Previous studies using high throughput gene expression profiling have identified gene expression patterns unique to NF1-PAs that distinguish these tumors from their sporadic counterparts (13, 14). Here, we have extended gene expression profiling using a larger set of NF1-PAs than previous studies (n = 11) to identify clinically relevant markers in PAs, and made several observations. First, while prior studies have only identified overexpressed genes in NF1-PAs compared to S-PAs, we identified several differentially expressed genes that were either overexpressed or underexpressed in NF1-PA compared to S-PA. Second, we validated the NF1-PA molecular signature at the protein level using a large number of clinically annotated samples. Third, we identified ALDH1L1 as an underexpressed transcript in aggressive PAs, independent of NF1 status.

We validated the differential expression of CUGBP2, RANBP9, INFGR1 and ITGAV in NF1-PA compared to S-PA. These transcripts may be biologically relevant since CUGBP2 binds to the 3’ untranslated region of certain mRNAs, including COX2, and may affect their stability. This interaction has been previously explored in breast (21) and colon cancer (33). In the present study, we did not identify a relationship between CUGBP2 and COX2 expression, raising the possibility that CUGBP2 may have an alternative mechanism of action in PAs. ITGAV encodes the integrin alphav chain, which can mediate interactions with the extracellular matrix and facilitate signal transduction. ITGAV expression has prognostic importance in ovarian carcinoma (34), melanoma (35) and head and neck cancer (36). For example, the identification of polymorphisms in microRNA-binding sites for integrin genes have suggested that certain integrin alleles predict worse survival in patients with breast cancer (37) and susceptibility to hepatocellular carcinoma (38). RANBP9 belongs to the RAS superfamily, and is a GTP binding protein that interacts with the proto-oncogene MET (39) as well as HIPK2 (40). This association is intriguing, based on our recent finding that HIPK2 expression is increased in PA (23). It is also worth noting that RANBP9, through its interaction with MET, modulates Ras/Erk signaling, a pathway regulated by the NF1 protein, neurofibromin (39).

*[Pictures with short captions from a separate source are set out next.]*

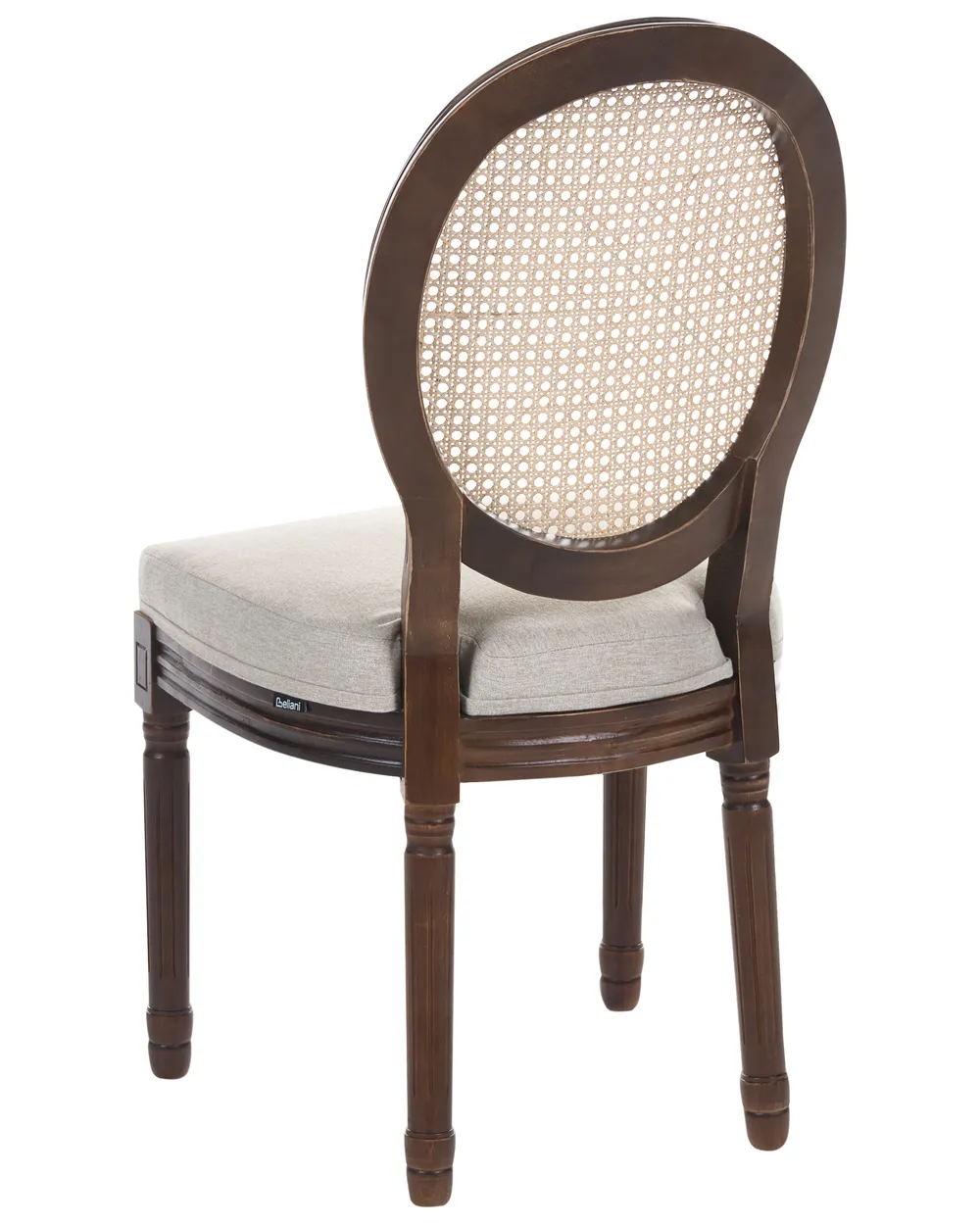 Tuolisetti 2 kpl NIVLOC Puu Tummanruskea/beige_1095729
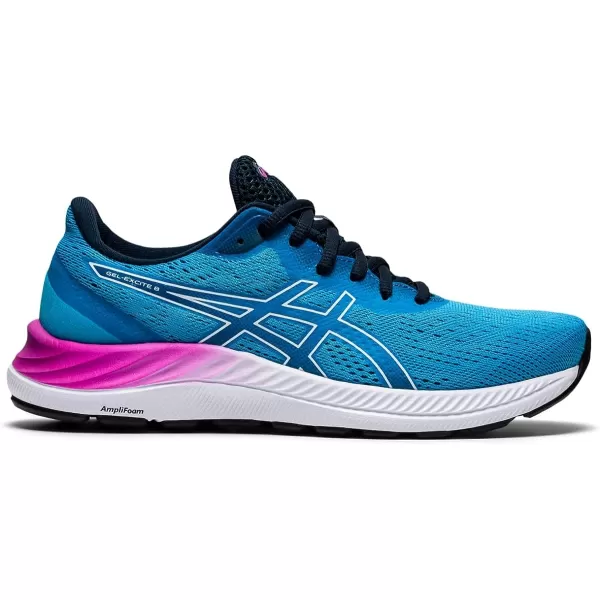 imageASICS Womens GelExcite 8 Running ShoesDigital AquaWhite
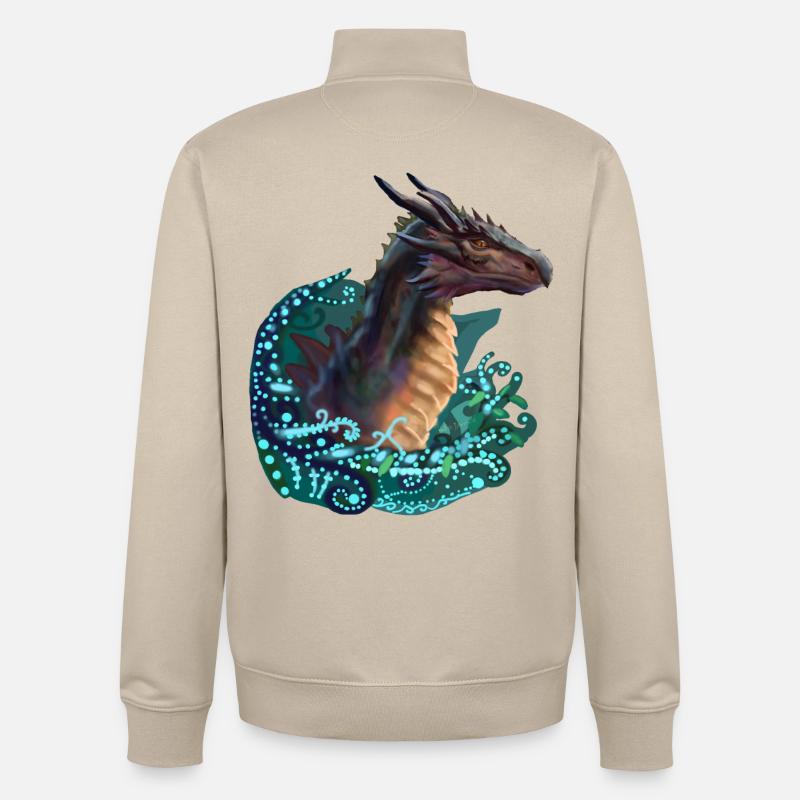dragon - Sweat zippé unisexe en coton bio Stanley/Stella - beige crème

Further studies of these proteins, including pathway analyses and functional characterization, will be necessary to define their specific roles in the pathogenesis of NF1-PA.

The identification of biomarkers that identify clinically aggressive PA has proven to be challenging. Although we did not find a gene expression signature that separates aggressive and typical PA subtypes, we identified ALDH1L1, FTHFD as an underexpressed gene in aggressive subtypes. ALDH1L1 is an enzyme involved in folate metabolism that catalyzes the conversion of 10-formyltetrahydrofolate (10-FTHF) to tetrahydrofolate, and may play a regulatory role in cell proliferation (41). A recent study has demonstrated this enzyme to be developmentally-regulated in the neural tube (42), where its expression correlates with decreased cellular proliferation. In a recent gene expression profile study of carefully isolated CNS cell types, Cahoy and colleagues identified ALDH1L1 as a specific astrocyte marker, more widely expressed in the brain than GFAP (43). Collectively, these findings suggest that ALDH1L1 is important in both brain development and astrocyte biology.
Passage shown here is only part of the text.